Outre l’IRPF, les résidents NLV peuvent également être concernés par l’impôt sur la fortune. Cet impôt annuel porte sur la valeur nette de votre patrimoine au 31 décembre de l’année précédente. Cependant, son application est conditionnée : soit après déduction des allocations régionales, votre patrimoine net reste positif, soit la valeur brute de votre patrimoine dépasse 2 millions d’euros.

Ce patrimoine peut inclure biens immobiliers, comptes bancaires, investissements, etc., tant en Espagne qu’à l’étranger. Le montant de l’impôt dépendra fortement de la communauté autonome où vous résidez. Certaines régions, comme Madrid, l’Estrémadure, l’Andalousie et la Cantabrie, offrent une exonération totale de l’impôt sur la fortune. À l’inverse, résider en Catalogne peut engendrer une imposition significative.

Déclaration des actifs étrangers : une obligation d’information

Il est important de distinguer l’impôt sur la fortune de la déclaration des actifs étrangers. Il ne s’agit pas d’une taxe, mais d’une obligation d’informer les autorités fiscales espagnoles de tous vos biens détenus à l’étranger dont la valeur dépasse 50 000 €. Cela concerne par exemple l’immobilier ou les comptes bancaires.

Cette déclaration s’effectue via le formulaire 720, dont la date limite est le 31 mars pour les avoirs détenus au 31 décembre de l’année précédente. Vous n’avez à remplir ce formulaire qu’une seule fois, sauf si la valeur de vos actifs étrangers augmente de plus de 20 000 €, auquel cas une nouvelle déclaration sera nécessaire pour mettre à jour le montant.

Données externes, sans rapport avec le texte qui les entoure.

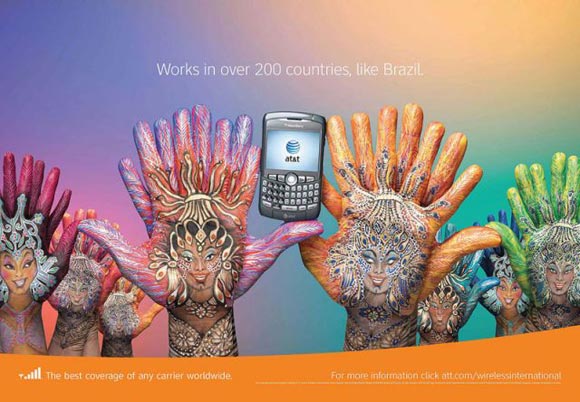 تبلیغات at&t
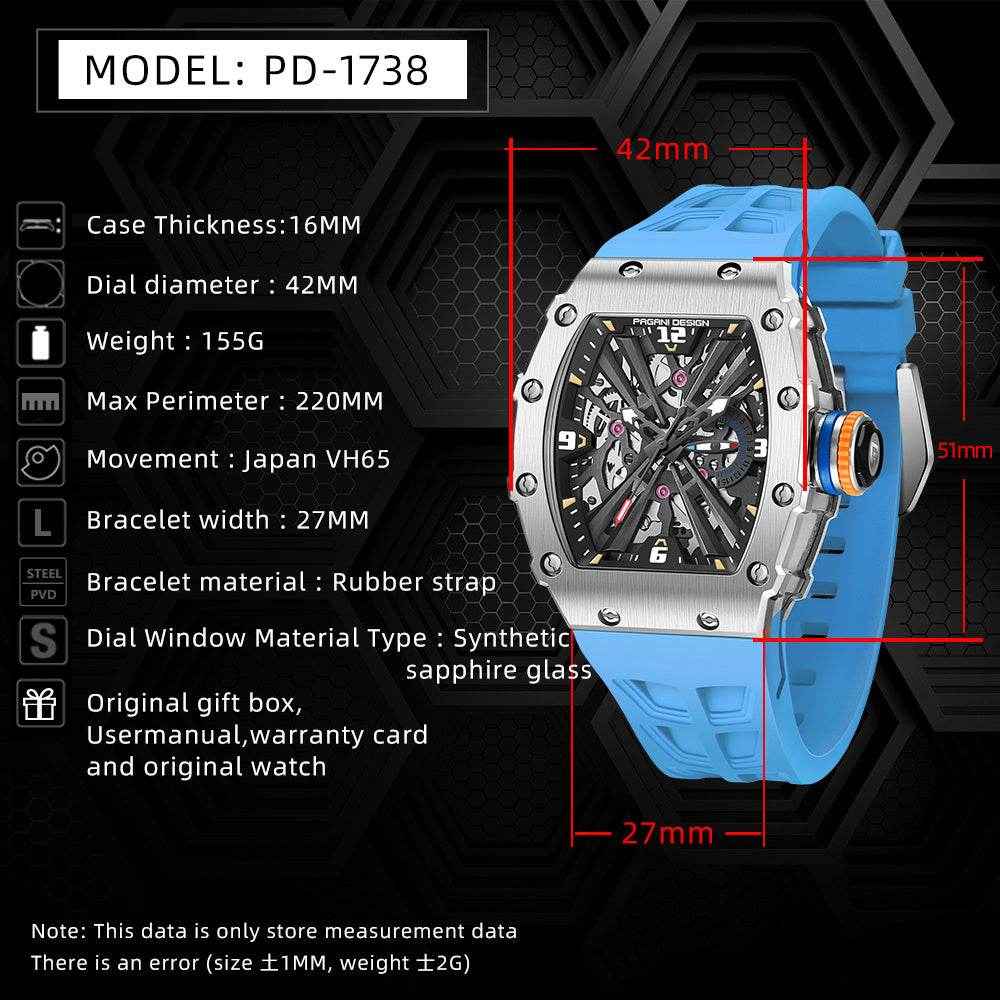 Square Men's Quartz Calendar Watch ( Patek Phillippe)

Les conventions de double imposition, un atout

Vos revenus passifs et votre épargne peuvent potentiellement être imposables à la fois dans votre pays d’origine et en Espagne. C’est là qu’interviennent les conventions de double imposition. Ces accords bilatéraux visent à éviter que le même revenu ne soit taxé deux fois. Si une telle convention existe entre l’Espagne et votre pays d’origine, elle peut considérablement alléger votre charge fiscale globale. L’Espagne a signé de telles conventions avec la quasi-totalité des pays.

Face à ces différentes réglementations, il est vivement conseillé de consulter un professionnel de la fiscalité pour vous assurer de respecter toutes vos obligations et d’optimiser votre situation fiscale en Espagne.